In their study, Chouvenc and Su created more than 100 termite colonies from single mating pairs. Then they chose nine colonies at random to serve as manipulated treatment colonies and chose five colonies at random to serve as unmanipulated controls. Of the nine treatment colonies, three were exposed to CSI insecticide baits for one day, three were exposed to baits for three days, and three were exposed to baits for 10 days. The investigators added blocks of wood to each control colony instead of CSI baits. They left all the colonies alone for 80 days, and then opened each and counted the termites. They counted the termites again at 90 days.
The results were compelling. After 80 days, one colony in the one-day group was eliminated, two colonies in the three-day group were eliminated, and all three colonies in the 10-day group were eliminated. By 90 days, all termites in all treatment groups were eliminated. That is, the 90-day effectiveness of the baits was 100 percent, even in colonies only exposed for one day. In contrast, all control colonies survived. And Chouvenc points out that the amount of damage the termites would be causing was reduced long before 90 days. “Within a month after feeding on the bait,” Chouvenc says, “termites become sluggish and slowed down their feeding activity. Therefore, even if the termites were still alive, they would not be causing much damage at that point.”
Results from Chouvenc and Su’s study has applications to control of Asian subterranean termite colonies in the field, and to the control of other termite species, including Formosan subterranean termites. “For two reasons, this study supports the use of baits for control of subterranean termite colonies, especially for aggressive species such as the Formosan subterranean termite and the Asian subterranean termite,” Chouvenc says. “First, the time frame for colony elimination is much shorter that we previously thought. Just one day after starting feeding on baits, the termite colony is doomed. Second, we proved that the amount of active ingredient required to kill a colony is ridiculously small.”
The bait affects the colony in several ways:
- It eliminates individuals.
- It decreases the amount of food gathered by the colony.
- It stops the life cycle of the termite colony and prevents further production of winged termites.
Three temporal considerations are also related to the effectiveness of baits: how long it takes for the colony to find the bait, how long for the colony to take in a lethal dose, and how long for individuals to be affected by the bait. Because CSIs disrupt the molting process, the amount of time for individuals to be affected by the bait is determined by the time of molting.

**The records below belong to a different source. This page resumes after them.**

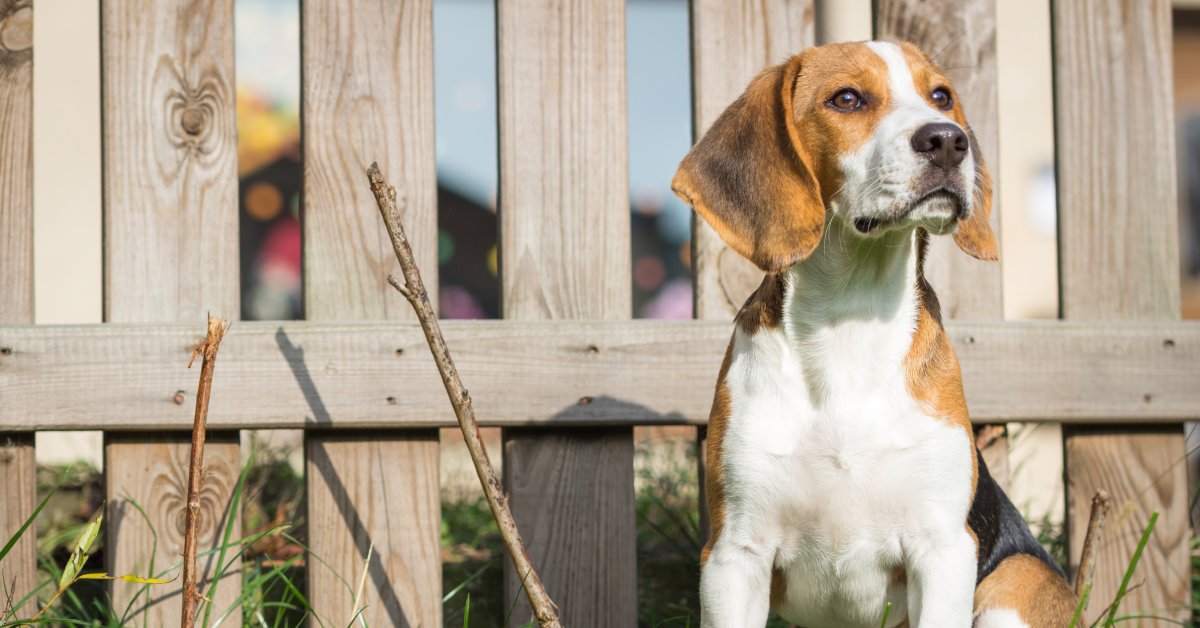 A beagle puppy sitting on a grassy lawn in front of a light wood picket fence and a blurry background.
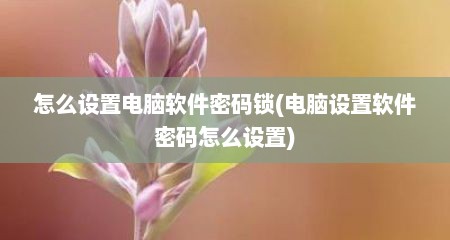 怎么设置电脑软件密码锁(电脑设置软件密码怎么设置)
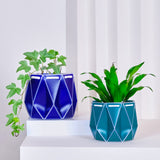 11cm POTR | 15cm POTR - Self-watering Planters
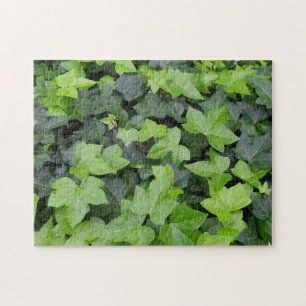 Puzzle Impression botanique verte Ivy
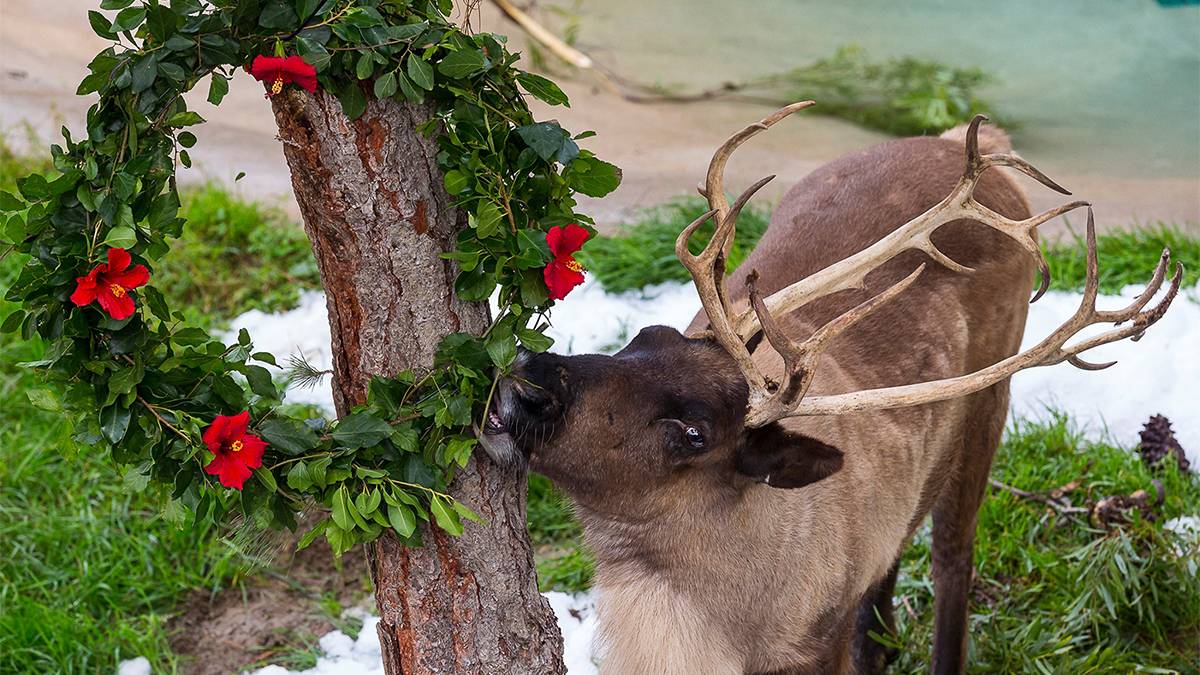Close up photo of a reindeer eating a Christmas wreath for Jungle Bells at the San Diego Zoo in San Diego, California, USA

The present study determined that the amount of time for the colony to take in a lethal dose is one day or less. Chouvenc and Su suggest that future research for the application of remedial treatment should focus on the amount of time it takes for the colony to find the bait and the amount of time for individuals to be affected by the bait. Chouvenc says, “A couple of students in our lab are currently looking into ways to speed up the molting process, so that the colony would collapse faster.” Their research will help shape control efforts for these economically damaging invasive species.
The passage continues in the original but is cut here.